1. INTRODUCTION
Solar power is one of the efficient energy sources that is captured from the sun using solar panels. South Korea is an active investor in solar panel installations, which ranks them in the top ten markets of solar energy in the world[1]. South Korea contributed significantly to 3.1 GW (gigawatt) power in 2019[1]. With the increasing interest in solar power[2], it is a challenge to use its full potential. The power output of solar panels highly depends on environmental situations like weather and air pollution. Due to bad weather or air pollution, it is difficult for solar panels to operate at their full potential. Thus, knowing the power output of solar panels in advance could help correctly set up the solar panels and make sure that these panels operate at their full potential.
In this paper, we argue that the environmental situation is important to consider for producing power using solar panels. It is obvious that solar panels can operate at their full potential when the sun shines and there is no partial shading on them. However, the partial shading might occur due to temporary effects, such as weather (e.g., clouds or rain) and air pollution (e.g., fine dust). This paper presents an approach to predict the power output of solar panels based on weather and air pollution features using machine learning methods. We aim to reveal the best combination of environmental features and machine learning methods. We collect datasets between 2017 and 2019 from Seoul area, South Korea.
This paper builds power output prediction models using the state-of-art machine learning models, such as Linear Regression, K-Nearest Neighbors (kNN), Support Vector Regression (SVR), MultiLayer Perceptron (MLP), Random Forest Regressor (RF), and Gradient Boosting Regressor (GB). Each model uses three sets of features. The first set includes weather features, such as humidity, sunshine, solar radiation, and clouds. The second set consists of air pollution features, which include Ozone (O3), Sulfurous Acid Gas (SO2), Nitrogen Dioxide (NO2), Carbon Monoxide (CO), Fine Dust (PM10), and Fine Particulate Matter (PM2.5). Finally, the third set is created by choosing top correlated features from the other two sets. We evaluated the models using popular error rate methods, such as Mean Absolute Error (MAE), Coefficient of Determination (R2), and Root Mean Squared Error (RMSE). The experimental results show that the weather and air pollution features can be efficient factors to predict the power output of solar panels.
We organized the rest of this paper as follows. Section 2 includes the brief descriptions of similar studies related to our paper. Section 3 describes the methodology of our paper. Section 4 explains the experimental works. Finally, Section 5 discusses the conclusion and determines future works.
2. RELATED STUDY
As we mentioned in Section 1, environmental situations like weather and air pollution are features that must be considered when predicting the power output of solar panels [2-9]. For example, several researchers proposed the prediction models to estimate the power output of solar panels using weather features[3-6]. Nageem et al.[3] proposed a multi-input support vector regression (SVR) model to predict the output of so-called a grid-connected solar panel. The authors used weather features like humidity, temperature, pressure, and wind speed. The analytical and SVR models were compared in this paper, and the experiment results show that the SVR model had more accuracy than the analytical model. Saberian et al.[4] used artificial neural networks (ANNs) to predict the output power of solar panels based on weather features like temperature and irradiance. The authors used a dataset of five years from 2006 to 2010. The experiments show that the proposed model achieves strong performance.

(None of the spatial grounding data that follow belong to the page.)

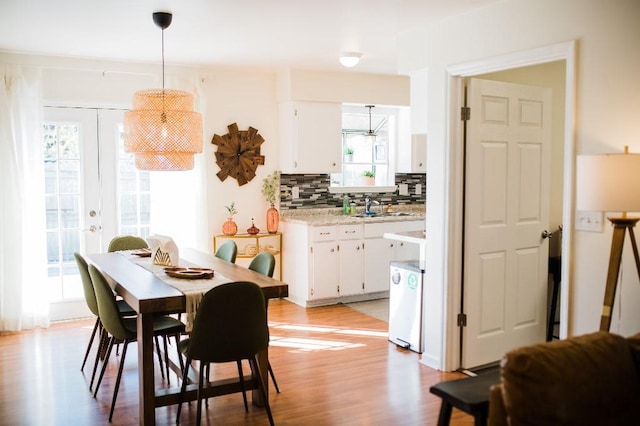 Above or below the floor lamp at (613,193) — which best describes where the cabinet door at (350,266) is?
below

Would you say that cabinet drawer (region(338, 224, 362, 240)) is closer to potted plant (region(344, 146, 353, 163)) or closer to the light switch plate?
potted plant (region(344, 146, 353, 163))

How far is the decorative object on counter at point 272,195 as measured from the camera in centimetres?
646

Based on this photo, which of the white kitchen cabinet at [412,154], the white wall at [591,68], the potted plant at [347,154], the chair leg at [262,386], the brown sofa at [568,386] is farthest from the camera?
the potted plant at [347,154]

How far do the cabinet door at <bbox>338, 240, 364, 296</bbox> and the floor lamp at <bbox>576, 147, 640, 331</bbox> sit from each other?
358cm

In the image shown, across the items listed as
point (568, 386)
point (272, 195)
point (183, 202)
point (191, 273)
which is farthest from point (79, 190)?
point (568, 386)

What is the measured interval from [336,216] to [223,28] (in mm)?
2821

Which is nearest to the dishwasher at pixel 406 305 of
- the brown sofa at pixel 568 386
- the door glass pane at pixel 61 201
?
the brown sofa at pixel 568 386

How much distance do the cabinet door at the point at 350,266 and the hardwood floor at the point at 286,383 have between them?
32.3 inches

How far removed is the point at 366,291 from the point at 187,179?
7.27ft

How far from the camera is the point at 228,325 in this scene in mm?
3154

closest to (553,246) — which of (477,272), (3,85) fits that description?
(477,272)

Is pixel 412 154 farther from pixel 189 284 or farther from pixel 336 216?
pixel 189 284

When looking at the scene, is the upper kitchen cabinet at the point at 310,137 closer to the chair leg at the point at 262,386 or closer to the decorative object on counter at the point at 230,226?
the decorative object on counter at the point at 230,226

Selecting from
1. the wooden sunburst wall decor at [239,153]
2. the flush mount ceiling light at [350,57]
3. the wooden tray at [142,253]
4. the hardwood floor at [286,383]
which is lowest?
the hardwood floor at [286,383] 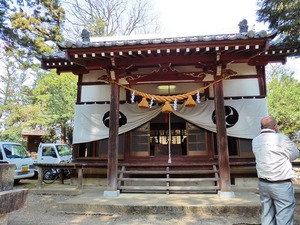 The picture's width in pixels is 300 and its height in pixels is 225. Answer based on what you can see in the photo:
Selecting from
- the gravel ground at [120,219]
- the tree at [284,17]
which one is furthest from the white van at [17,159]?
the tree at [284,17]

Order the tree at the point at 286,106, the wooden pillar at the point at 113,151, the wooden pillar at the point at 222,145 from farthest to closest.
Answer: the tree at the point at 286,106 → the wooden pillar at the point at 113,151 → the wooden pillar at the point at 222,145

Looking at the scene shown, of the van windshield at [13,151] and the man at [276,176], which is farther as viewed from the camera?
the van windshield at [13,151]

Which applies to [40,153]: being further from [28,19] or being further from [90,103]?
[28,19]

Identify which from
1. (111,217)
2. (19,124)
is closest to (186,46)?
(111,217)

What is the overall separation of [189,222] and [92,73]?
5233mm

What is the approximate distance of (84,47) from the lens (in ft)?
16.7

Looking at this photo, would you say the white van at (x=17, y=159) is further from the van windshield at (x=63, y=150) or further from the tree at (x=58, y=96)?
the tree at (x=58, y=96)

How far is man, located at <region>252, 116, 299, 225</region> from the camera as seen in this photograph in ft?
8.11

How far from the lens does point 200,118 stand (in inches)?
252

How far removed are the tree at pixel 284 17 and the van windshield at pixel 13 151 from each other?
9726 mm

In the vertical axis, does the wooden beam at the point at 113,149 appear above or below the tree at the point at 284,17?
below

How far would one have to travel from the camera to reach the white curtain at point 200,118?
634 cm

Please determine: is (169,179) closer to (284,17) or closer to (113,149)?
(113,149)

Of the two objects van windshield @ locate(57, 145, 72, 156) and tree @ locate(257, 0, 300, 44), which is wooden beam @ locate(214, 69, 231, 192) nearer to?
tree @ locate(257, 0, 300, 44) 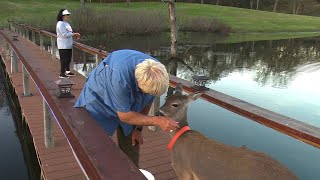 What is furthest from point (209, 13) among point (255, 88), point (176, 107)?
point (176, 107)

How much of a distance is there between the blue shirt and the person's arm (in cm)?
6

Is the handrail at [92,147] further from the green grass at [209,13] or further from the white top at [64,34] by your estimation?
the green grass at [209,13]

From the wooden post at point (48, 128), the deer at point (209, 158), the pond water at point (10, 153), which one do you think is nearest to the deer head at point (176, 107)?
the deer at point (209, 158)

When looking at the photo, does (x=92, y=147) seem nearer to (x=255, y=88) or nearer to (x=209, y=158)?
(x=209, y=158)

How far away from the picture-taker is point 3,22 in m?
40.2

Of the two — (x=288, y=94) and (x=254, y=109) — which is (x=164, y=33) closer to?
(x=288, y=94)

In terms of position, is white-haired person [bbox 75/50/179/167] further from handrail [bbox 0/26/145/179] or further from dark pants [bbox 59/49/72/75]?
dark pants [bbox 59/49/72/75]

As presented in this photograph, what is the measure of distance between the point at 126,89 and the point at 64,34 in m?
7.51

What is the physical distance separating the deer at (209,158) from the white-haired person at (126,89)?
0.16 m

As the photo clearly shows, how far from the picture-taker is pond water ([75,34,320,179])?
845 cm

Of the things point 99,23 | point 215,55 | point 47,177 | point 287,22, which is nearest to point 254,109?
point 47,177

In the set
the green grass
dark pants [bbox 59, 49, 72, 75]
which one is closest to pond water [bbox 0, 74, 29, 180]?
dark pants [bbox 59, 49, 72, 75]

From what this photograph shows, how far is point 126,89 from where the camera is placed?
321 cm

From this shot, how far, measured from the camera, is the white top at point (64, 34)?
995 cm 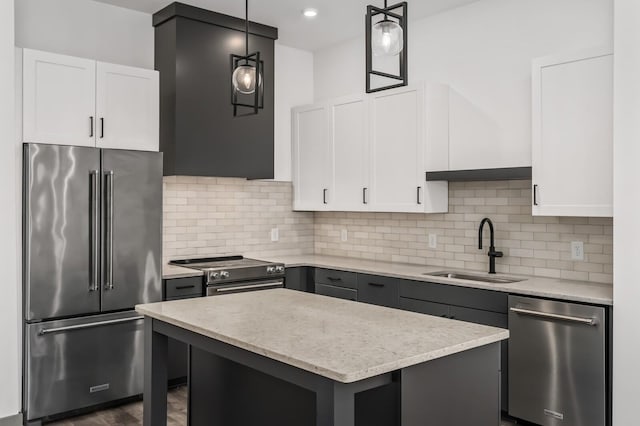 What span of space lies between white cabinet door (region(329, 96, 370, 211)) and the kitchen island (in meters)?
2.15

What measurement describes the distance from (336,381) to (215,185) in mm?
3613

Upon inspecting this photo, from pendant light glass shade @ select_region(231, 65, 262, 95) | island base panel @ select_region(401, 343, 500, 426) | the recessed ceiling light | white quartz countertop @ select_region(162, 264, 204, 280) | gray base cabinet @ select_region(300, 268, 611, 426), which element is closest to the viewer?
island base panel @ select_region(401, 343, 500, 426)

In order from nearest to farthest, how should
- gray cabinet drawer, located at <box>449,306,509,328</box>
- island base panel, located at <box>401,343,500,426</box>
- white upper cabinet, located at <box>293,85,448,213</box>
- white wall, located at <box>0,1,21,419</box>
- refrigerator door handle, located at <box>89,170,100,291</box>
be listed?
island base panel, located at <box>401,343,500,426</box> < white wall, located at <box>0,1,21,419</box> < gray cabinet drawer, located at <box>449,306,509,328</box> < refrigerator door handle, located at <box>89,170,100,291</box> < white upper cabinet, located at <box>293,85,448,213</box>

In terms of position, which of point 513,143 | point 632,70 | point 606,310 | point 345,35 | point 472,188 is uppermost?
point 345,35

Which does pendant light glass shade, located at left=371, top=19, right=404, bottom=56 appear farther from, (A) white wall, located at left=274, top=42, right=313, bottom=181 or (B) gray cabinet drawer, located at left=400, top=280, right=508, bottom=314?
(A) white wall, located at left=274, top=42, right=313, bottom=181

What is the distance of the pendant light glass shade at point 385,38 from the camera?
1890 mm

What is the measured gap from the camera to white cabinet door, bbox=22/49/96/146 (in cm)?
366

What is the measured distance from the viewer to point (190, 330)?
247 cm

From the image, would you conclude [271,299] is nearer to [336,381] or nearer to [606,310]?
[336,381]

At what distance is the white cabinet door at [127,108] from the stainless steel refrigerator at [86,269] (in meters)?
0.20

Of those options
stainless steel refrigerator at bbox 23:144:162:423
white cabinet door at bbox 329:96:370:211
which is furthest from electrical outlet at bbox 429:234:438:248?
stainless steel refrigerator at bbox 23:144:162:423

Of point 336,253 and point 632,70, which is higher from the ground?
point 632,70

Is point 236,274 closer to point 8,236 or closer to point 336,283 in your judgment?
point 336,283

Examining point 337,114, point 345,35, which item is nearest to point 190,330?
point 337,114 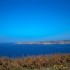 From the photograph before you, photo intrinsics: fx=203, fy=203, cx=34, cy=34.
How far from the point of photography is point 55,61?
52.2 ft

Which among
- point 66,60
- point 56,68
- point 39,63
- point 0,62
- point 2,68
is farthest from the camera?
point 66,60

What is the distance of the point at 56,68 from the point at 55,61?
324 cm

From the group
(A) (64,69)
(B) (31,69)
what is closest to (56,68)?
(A) (64,69)

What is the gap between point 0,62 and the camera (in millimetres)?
14102

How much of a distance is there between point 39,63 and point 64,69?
3203mm

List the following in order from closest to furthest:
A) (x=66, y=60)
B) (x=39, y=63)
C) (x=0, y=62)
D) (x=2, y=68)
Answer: (x=2, y=68) → (x=0, y=62) → (x=39, y=63) → (x=66, y=60)

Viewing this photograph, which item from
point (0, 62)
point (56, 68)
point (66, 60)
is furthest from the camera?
point (66, 60)

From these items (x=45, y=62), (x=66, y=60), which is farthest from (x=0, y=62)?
(x=66, y=60)

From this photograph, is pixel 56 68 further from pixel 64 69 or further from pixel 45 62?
pixel 45 62

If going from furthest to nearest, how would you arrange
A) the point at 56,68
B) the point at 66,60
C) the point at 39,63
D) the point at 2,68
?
the point at 66,60
the point at 39,63
the point at 56,68
the point at 2,68

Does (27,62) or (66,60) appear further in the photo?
(66,60)

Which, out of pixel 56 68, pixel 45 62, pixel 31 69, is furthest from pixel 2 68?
pixel 45 62

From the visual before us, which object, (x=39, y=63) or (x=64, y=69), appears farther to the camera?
(x=39, y=63)

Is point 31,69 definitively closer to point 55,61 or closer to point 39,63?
point 39,63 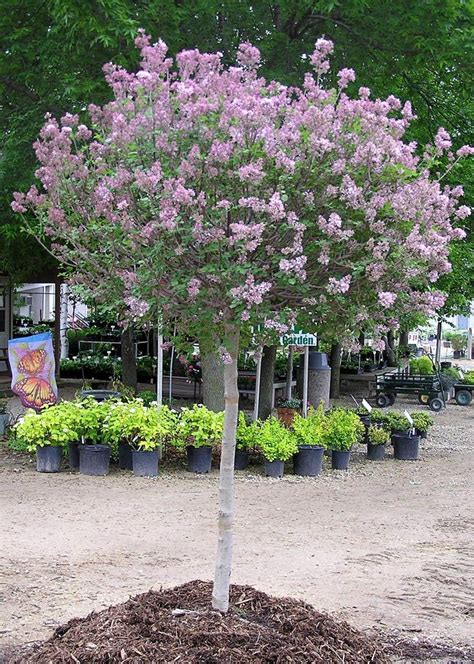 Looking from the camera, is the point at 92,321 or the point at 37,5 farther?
the point at 92,321

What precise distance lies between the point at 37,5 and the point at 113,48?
1.31m

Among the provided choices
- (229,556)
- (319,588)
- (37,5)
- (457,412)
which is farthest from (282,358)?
(229,556)

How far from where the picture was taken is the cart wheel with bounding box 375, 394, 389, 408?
19.1 meters

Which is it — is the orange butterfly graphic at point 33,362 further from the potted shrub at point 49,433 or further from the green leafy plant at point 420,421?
the green leafy plant at point 420,421

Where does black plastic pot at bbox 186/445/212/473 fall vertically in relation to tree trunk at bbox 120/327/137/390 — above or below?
below

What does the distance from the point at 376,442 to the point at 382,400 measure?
7.79 metres

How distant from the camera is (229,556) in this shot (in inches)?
160

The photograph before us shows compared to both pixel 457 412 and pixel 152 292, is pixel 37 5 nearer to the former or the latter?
pixel 152 292

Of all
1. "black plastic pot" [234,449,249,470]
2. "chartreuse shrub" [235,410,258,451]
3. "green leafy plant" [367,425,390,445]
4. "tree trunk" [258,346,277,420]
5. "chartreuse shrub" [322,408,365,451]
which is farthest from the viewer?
"tree trunk" [258,346,277,420]

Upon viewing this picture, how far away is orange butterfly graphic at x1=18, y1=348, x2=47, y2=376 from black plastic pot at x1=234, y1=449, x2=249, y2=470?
294 cm

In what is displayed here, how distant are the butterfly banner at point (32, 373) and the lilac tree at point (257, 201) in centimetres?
745

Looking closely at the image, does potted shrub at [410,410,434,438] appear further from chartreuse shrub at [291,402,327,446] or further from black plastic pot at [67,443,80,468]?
black plastic pot at [67,443,80,468]

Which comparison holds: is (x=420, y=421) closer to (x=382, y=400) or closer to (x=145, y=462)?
(x=145, y=462)

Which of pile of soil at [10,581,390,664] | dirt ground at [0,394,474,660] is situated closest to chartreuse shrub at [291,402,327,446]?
dirt ground at [0,394,474,660] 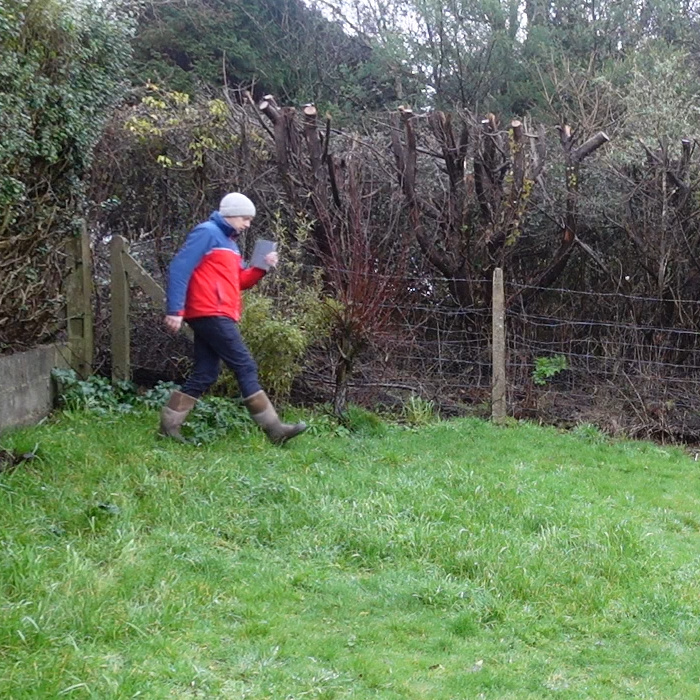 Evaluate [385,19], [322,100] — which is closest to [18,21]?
[322,100]

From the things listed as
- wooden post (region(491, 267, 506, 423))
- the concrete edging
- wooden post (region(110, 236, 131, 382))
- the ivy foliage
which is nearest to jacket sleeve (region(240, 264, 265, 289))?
wooden post (region(110, 236, 131, 382))

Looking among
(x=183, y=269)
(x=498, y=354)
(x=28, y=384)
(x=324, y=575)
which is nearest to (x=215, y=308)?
(x=183, y=269)

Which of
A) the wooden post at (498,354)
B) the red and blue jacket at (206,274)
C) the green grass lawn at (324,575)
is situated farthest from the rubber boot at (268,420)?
the wooden post at (498,354)

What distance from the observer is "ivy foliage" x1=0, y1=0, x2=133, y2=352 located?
6.18 m

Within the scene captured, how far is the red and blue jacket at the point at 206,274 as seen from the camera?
20.9 ft

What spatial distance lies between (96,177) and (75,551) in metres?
5.49

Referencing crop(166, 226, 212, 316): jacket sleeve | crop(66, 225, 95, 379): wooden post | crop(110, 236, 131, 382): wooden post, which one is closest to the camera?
crop(166, 226, 212, 316): jacket sleeve

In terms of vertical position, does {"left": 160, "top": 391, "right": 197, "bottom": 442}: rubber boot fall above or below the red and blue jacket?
below

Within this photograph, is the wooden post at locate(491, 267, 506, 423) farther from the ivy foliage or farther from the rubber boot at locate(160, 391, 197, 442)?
the ivy foliage

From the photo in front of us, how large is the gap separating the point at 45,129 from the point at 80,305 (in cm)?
167

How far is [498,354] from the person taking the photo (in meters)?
9.23

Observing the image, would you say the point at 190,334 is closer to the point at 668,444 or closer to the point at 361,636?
the point at 361,636

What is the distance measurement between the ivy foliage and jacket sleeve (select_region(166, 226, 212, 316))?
1266mm

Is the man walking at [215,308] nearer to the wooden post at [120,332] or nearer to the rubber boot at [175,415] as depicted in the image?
the rubber boot at [175,415] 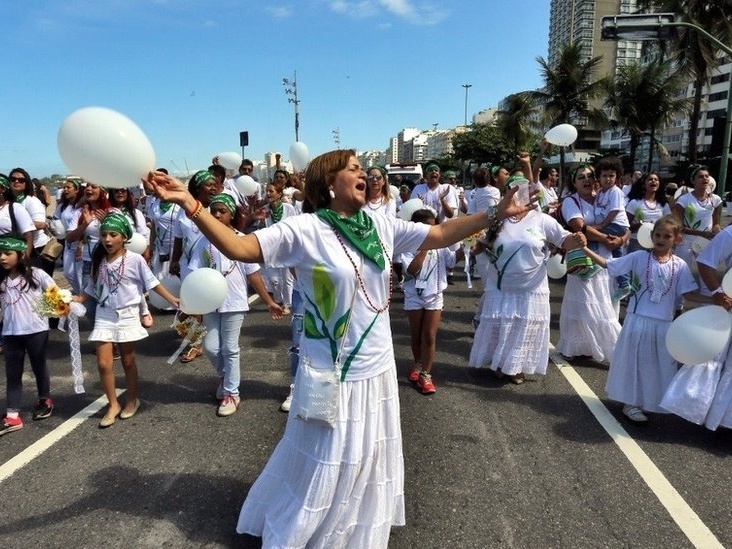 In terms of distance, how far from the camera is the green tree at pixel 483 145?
2149 inches

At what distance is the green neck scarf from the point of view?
92.0 inches

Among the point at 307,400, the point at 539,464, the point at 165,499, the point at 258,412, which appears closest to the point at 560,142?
the point at 539,464

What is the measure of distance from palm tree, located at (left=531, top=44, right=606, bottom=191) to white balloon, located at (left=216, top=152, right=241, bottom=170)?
26931mm

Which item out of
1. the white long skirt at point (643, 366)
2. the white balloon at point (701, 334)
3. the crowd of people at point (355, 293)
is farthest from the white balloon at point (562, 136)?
the white balloon at point (701, 334)

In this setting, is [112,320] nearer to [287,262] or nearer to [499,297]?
[287,262]

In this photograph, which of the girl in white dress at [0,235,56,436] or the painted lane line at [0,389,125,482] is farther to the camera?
the girl in white dress at [0,235,56,436]

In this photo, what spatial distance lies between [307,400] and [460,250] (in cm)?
373

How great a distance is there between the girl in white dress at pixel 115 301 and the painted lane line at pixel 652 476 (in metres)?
3.42

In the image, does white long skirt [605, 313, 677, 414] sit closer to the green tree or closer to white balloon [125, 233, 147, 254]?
white balloon [125, 233, 147, 254]

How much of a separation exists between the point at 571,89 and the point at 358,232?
110ft

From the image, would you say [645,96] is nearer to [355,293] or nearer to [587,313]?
[587,313]

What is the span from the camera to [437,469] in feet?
11.2

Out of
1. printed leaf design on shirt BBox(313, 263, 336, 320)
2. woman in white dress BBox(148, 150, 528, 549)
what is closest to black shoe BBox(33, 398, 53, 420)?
woman in white dress BBox(148, 150, 528, 549)

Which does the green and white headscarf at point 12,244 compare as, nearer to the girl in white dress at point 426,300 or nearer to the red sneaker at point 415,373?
the girl in white dress at point 426,300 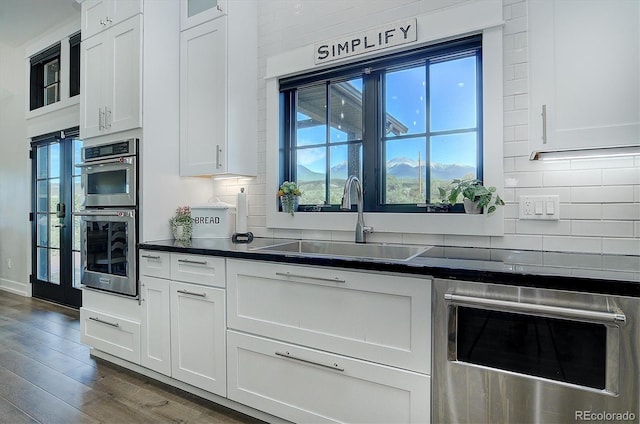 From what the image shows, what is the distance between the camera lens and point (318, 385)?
5.44 ft

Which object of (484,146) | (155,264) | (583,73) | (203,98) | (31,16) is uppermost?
(31,16)

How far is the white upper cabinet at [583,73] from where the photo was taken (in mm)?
1402

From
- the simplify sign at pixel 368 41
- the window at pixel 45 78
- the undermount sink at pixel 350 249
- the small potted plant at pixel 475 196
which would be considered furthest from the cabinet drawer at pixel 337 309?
the window at pixel 45 78

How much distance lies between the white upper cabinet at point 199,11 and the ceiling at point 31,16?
59.0 inches

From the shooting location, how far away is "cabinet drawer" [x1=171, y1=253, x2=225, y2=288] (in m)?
1.98

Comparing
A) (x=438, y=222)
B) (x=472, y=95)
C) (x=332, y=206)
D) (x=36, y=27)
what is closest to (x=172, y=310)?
(x=332, y=206)

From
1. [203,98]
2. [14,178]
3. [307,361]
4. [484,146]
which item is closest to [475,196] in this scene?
[484,146]

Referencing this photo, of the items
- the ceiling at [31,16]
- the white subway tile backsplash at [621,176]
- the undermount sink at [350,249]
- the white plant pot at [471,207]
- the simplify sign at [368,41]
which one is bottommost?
the undermount sink at [350,249]

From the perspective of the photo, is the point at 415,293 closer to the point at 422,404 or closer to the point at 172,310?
the point at 422,404

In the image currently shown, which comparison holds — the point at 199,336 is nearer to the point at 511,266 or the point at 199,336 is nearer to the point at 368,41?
the point at 511,266

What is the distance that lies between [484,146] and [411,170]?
1.49 ft

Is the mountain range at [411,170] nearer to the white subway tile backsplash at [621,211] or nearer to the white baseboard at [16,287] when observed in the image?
the white subway tile backsplash at [621,211]

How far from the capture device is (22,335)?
318 centimetres

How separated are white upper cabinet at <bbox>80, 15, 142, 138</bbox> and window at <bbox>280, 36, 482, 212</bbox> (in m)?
1.05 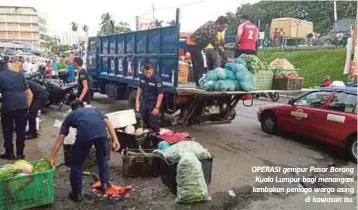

Besides, there are many approaches to predict the output power of solar panels using air pollution features[7-9]. Son et al.[7] studied the effect of particulate matter (PM) on solar power output over South Korea. The authors used the PM2.5 and PM10 concentrations for the dataset from 2015 to 2017. The authors mentioned that the PMs commonly reduce solar power output by more than 10%. Their results show that PM's negative impacts on solar panels should be considered in policymaking on target solar power output in South Korea. Bergin et al.[8] calculated the solar energy production reduction due to dust and particulate air pollution. The authors merged field measurements and global modeling to evaluate the influence of dust and PM on solar electricity generation. The result indicated that solar panel production was reduced by 17 - 25% due to PM on the surface of solar panel
3. METHODOLOGY
3.1 Overview
Fig. 1 describes the overall flow of our methodology. It consists of the following steps: data acquisition, feature extraction, model training, and prediction of power output. First, our experimental datasets are created from three different sources that were mentioned in Section 1. After that, we build machine learning models by selecting different sets of features. Here, we aim to reveal the best combination of features and machine learning methods. All steps are explained in the following subsections.
Fig. 1. The overall flow of the methodology.
3.2 Datasets
There are three data sources, where we collect our experimental datasets. The power output data of solar panels are provided by a South Korean renewable energy power output company called Daeyeon C&I. Further, the weather-related data is collected from South Korea Meteorological (KMA). Lastly, we collected air pollution data from the Seoul Metropolitan Government (SMG). All datasets are generated in the location of Seoul, South Korea. Table 1 shows the feature description of collected data. From the table, we can perceive that the power output is our target feature. Other features are inputs to our models, and are divided into four sections like solar panel. weather, air pollution, and derived features. The derived features are generated from the date feature that power output is generated. We combined all datasets based on the date. The dataset contains 14191 observations from 2017 to 2019. We split the dataset by 80% and 20% as train and test, respectively. Our models predict next one-hour power output.
Table 1. The feature description of datasets.
3.3 Feature Extraction
After combining the separated datasets, the first step is to obtain the features appropriate to predict power output solar panels. First, we extend each set of features using derived features (month, hour), which are generated from date that the power output is registered. Fig. 2 shows the relationship between power output of solar panel, month and hour. From the Fig. 2 (a), we can perceive that the power output of solar panels is produced more in April to June. We can assume that it is the time when there is a plenty of sunlight, and the level rainfall is low. On the contrary, Fig. 2(b) shows the power output of solar panels by hour. From 10 to 13 hours is the rush hour to generate power from solar panels.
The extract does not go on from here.